Oraclau/Oracles by Geoffrey Hill

20 Mar 2011

Oraclau/Oracles
By Geoffrey Hill
Clutag Press, 2010, Hardback, 56pages
ISBN 978-0-9553476-9-6
RRP: £15.00



George Potts

There was a time when a three year period between volumes of Geoffrey Hill’s poetry would not seem out of the ordinary. But since his autumnal flourishing in which he has produced seven books in ten years, Hill fans may have been concerned with the lack of a new publication since 2007’s A Treatise of Civil Power.

However the past three years could prove to be his most fruitful yet. The cover of Oraclau/Oracles, Hill’s latest instalment, informs us that in this time he has completed a staggering five volumes of poetry to be published over the next two years. Following his election as Professor of Poetry at Oxford University and the announcement that his Collected Poems 1952-2012 are scheduled for publication in 2013, Hill’s career seems to be reaching a momentous conclusion. On the cover of this latest volume new reviews of Hill have been added to the usual assortment but their praise – ‘the most distinguished exponent of his calling’, ‘the greatest living poet’, ‘the one certain genius’ – remains as strong as ever.

As far as releases go, Oraclau/Oracles has been one of Hill’s most understated in recent times. This edition is beautifully produced by Clutag Press yet it does not seem to have arrived with the same flurry of reviews that greeted earlier Hill volumes. This is a shame because it is one of his most ambitious, taking its metric form from John Donne’s ‘A Nocturnal Upon St Lucy’s Day’ yet extending this over 144 stanzas rather than Donne’s five. That Hill can sustain such energy across this complicated metre is testament to his poetic skill.

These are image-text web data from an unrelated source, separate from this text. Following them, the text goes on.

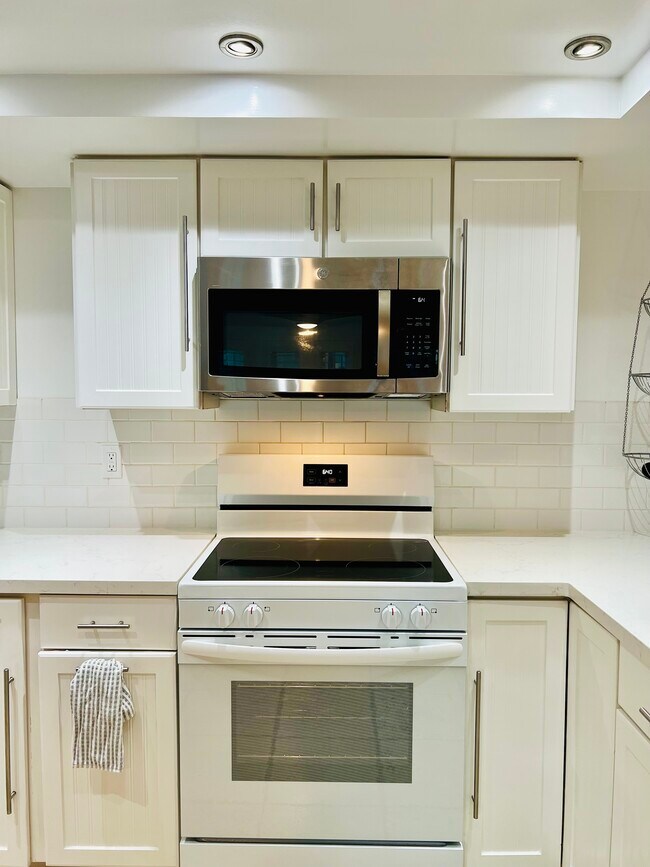 Encimeras de cuarzo en la cocina, electrodomésticos nuevos. - 24 Westwind St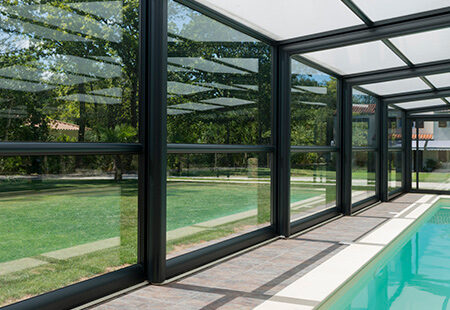 Quel vitrage choisir pour un abri de piscine - RENOVAL ABRIS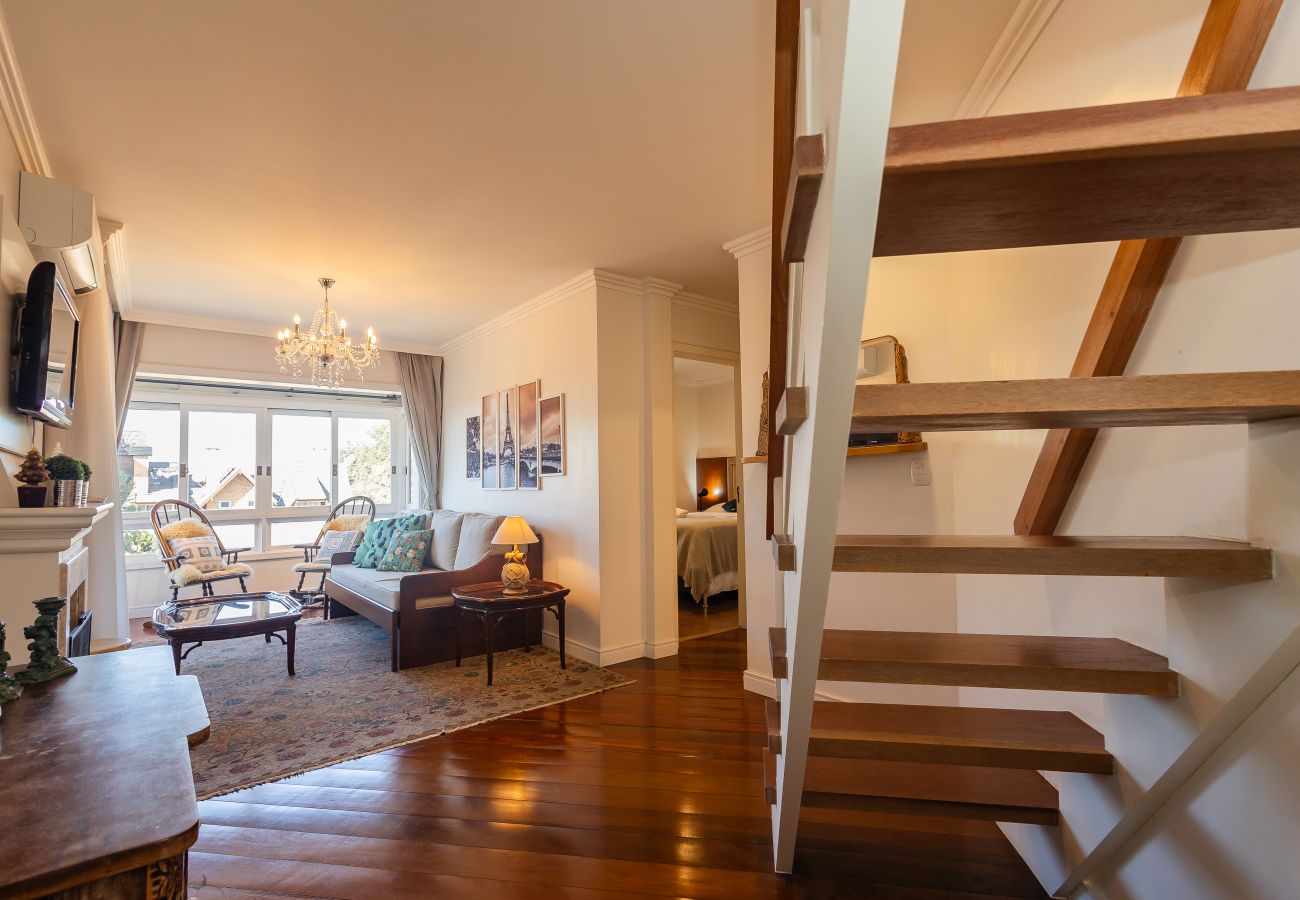 Apartamento em Gramado - NOVO! Duplex 3 dormitórios a 100m da Rua Torta! 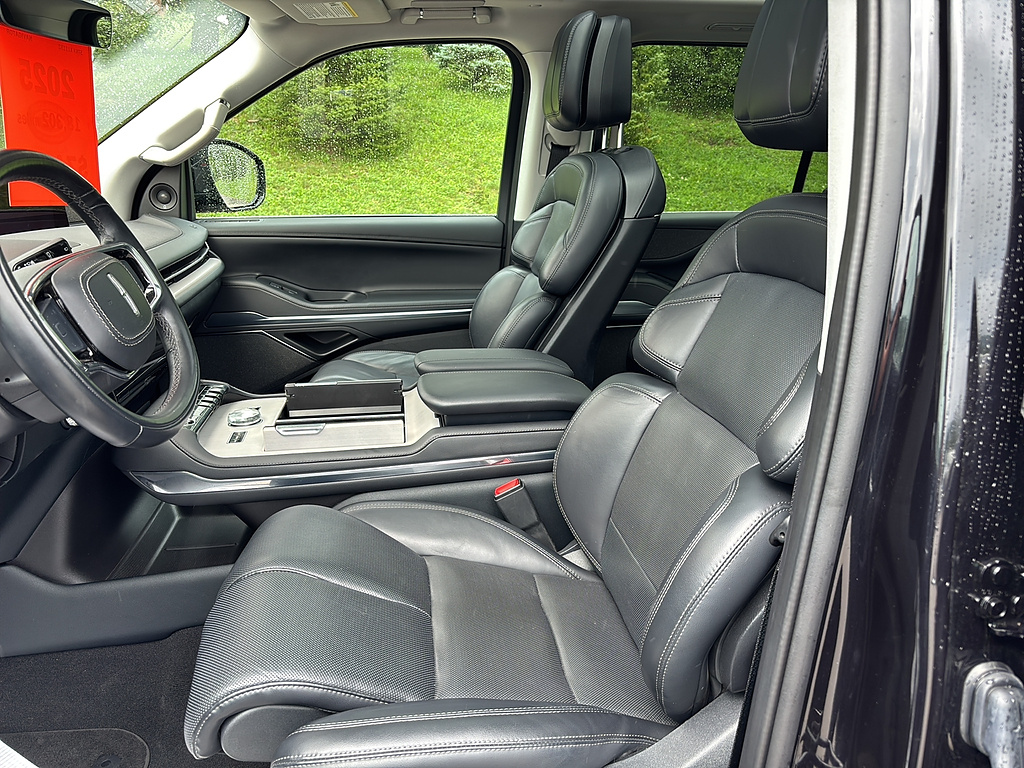 2025 Lincoln Navigator Reserve Infinite Black Metallic Clearcoat at Washington Ford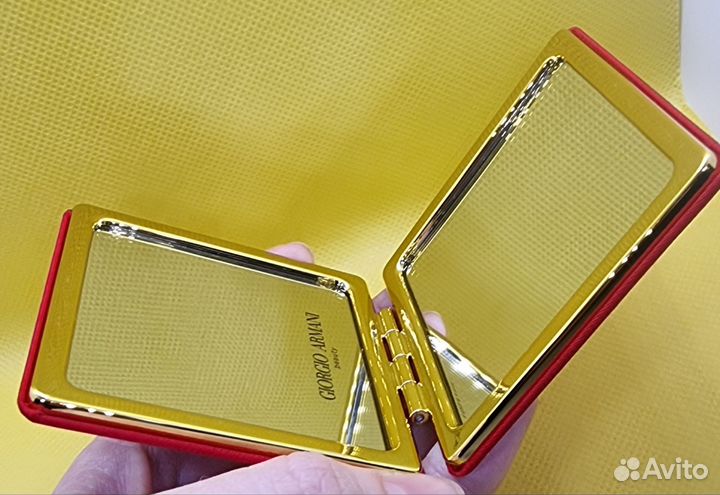 Косметическое карманное зеркало Giorgio Armani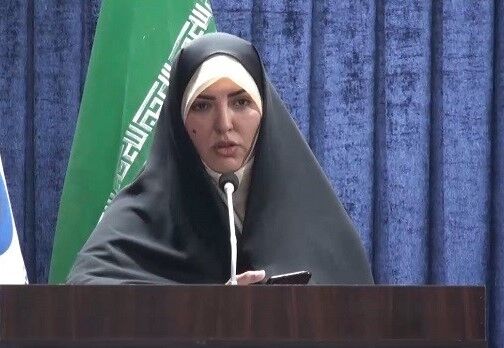 عاطفه جوشقانیان: رویدادها بی‌حضور شعر، بی‌صدا می‌گذرند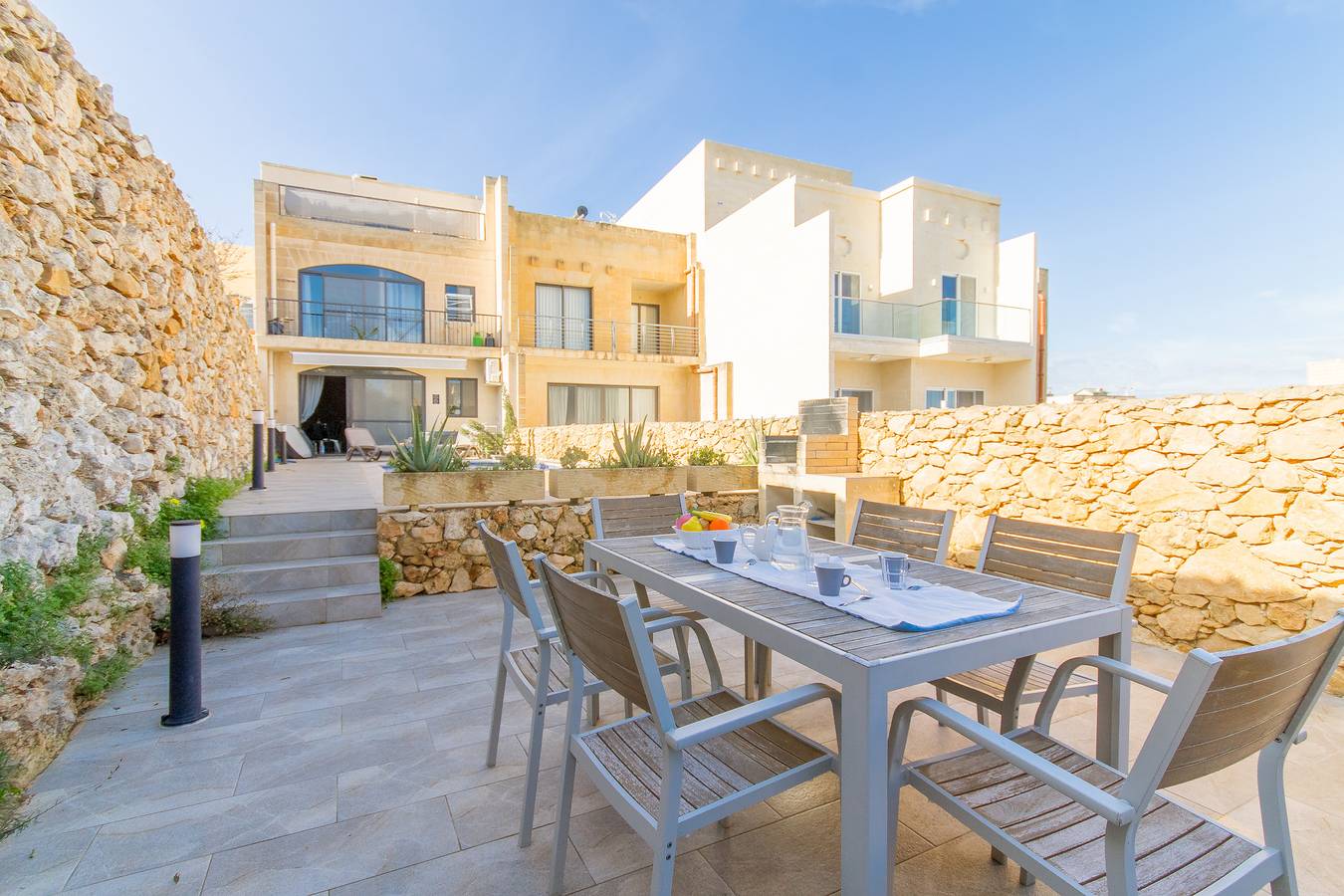 Ta'Siku Gozitan villa + Pool & hot tub in Xaghra, Gozo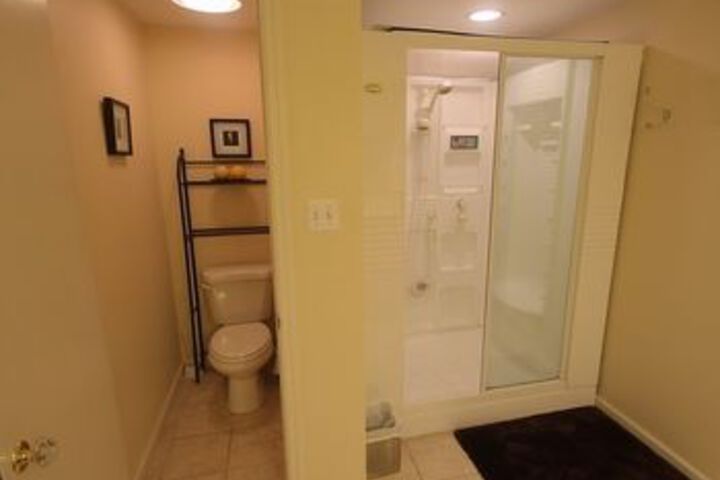 Room 4 of 78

Oraclau/Oracles, as its title suggests, meditates upon Hill’s Welsh and English roots, the border country between his twin national heritages. Alongside a more characteristic Hillian epigraph from John Milton’s Paradise Lost, is one by Welsh poet Pennar Davies: their juxtaposition suggests the bi-lingual and bi-cultural inheritance the work examines. One is reminded of Scenes From Comus (2005), itself set in Ludlow on the Welsh borders, in which ‘England ends half way across a field’ in a place of ‘displaced gravity’. This idea of displacement figures prominently in Oraclau/Oracles’s exploration of bi-national heritage. ‘This is a strange country, the words foreign’, Hill writes, a country of ‘misprised coalfields’ and ‘men with white mufflers, coal-greased caps’.

Hill is at his best when describing the Welsh countryside, strikingly evoking the natural beauty of his ancestral landscape:

Distant rain-draped slate flanks gleam like late snow
At high summer as the sun parades them,
Cloud intermittently shades them,
As our eyes interpret shadow;

Hill’s descriptive power and its depth of feeling is remarkable. The image is not static but rather in constant flux as sunlight fades in and out, ‘shadow supplanting shadow’. The minutiae of the landscape are dwelled upon: the sheep’s ‘raw wool-sprouts tangled’ in mountain bushes. This image of natural beauty becomes also a home for sheep ‘angled / Against the field walls’. The stanza’s closing line, ‘the eagle glinting to its lost eyrie’, lingers on a longing for that which is ‘lost’; Hill’s description suggests a similar ‘glinting’ towards his own displaced home. ‘Great shame / I cannot speak or sing / This language of my late awakening’, he laments.

A strong sense of the autobiographical is interwoven with a mournful tone lamenting Wales’ more general cultural displacement. As is characteristic of Hill, such displacement is inherently bound up with that of language itself. ‘True Welsh, I would be monoglot’, he observes, passing over ‘road-signs in Welsh’ before noting that ‘in Welsh; nothing / Certain but what you can assert’. This cultural decline is met with a defence of Hill’s ancestral homeland: ‘Let us draw, there is time, the red dragon. / The implications of its stance eclipse / Destiny in Apocalypse’.

Yet this defiant stance in favour of Welsh culture (‘I argue Behemoth / Not Hobbes’) is undercut by a profoundly elegiac tone. Hill not only memorialises great Welsh figures of the past such as Thomas Vaughn and R. Williams Parry but also laments the country’s more general decline: ‘Think, those entombing pits / Where, I suppose, the odd skeleton still squats’. The ‘misprised coalfields’, now in gradual decline, remain only to be memorialised in art. It is fortunate for us that Hill’s art can still do justice to such memorialisation in Oraclau/Oracles, a challenging but formidable continuation of his poetic output.